Which lines below include the string "hockt"? Please show each one.

PROVIDED MATERIAL:
"""

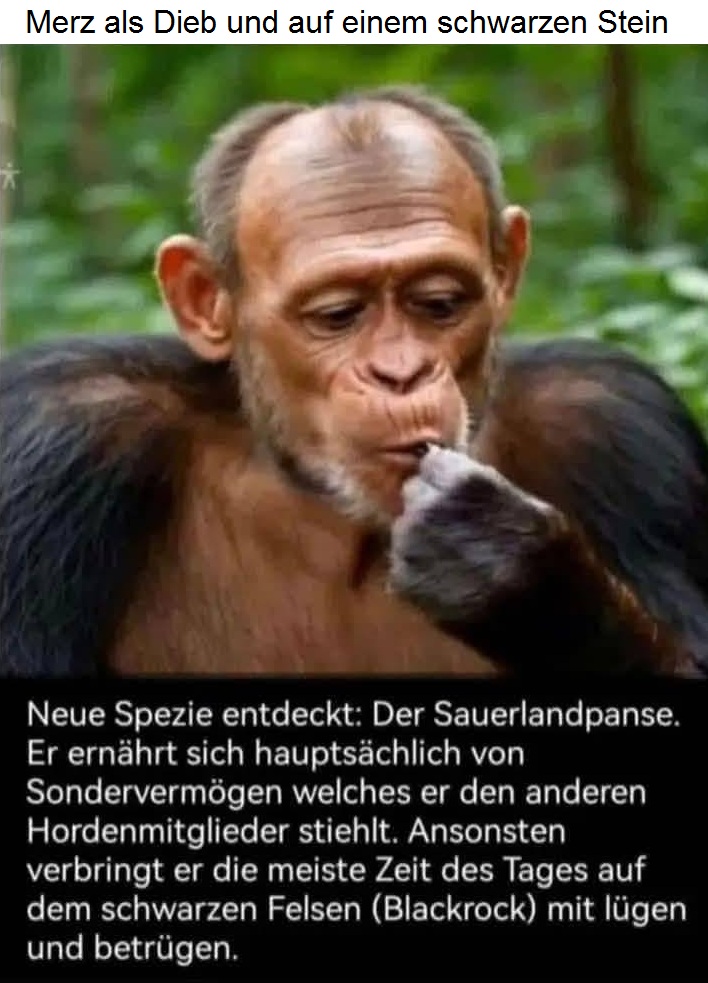Merzchen am 22.5.2025: ist ein Dieb+Lügner
und hockt auf einem schwarzen Stein Merzchen
am 22.5.2025: ist ein Dieb+Lügner und hockt auf
einem schwarzen Stein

"""

REPLY:
und hockt auf einem schwarzen Stein Merzchen
am 22.5.2025: ist ein Dieb+Lügner und hockt auf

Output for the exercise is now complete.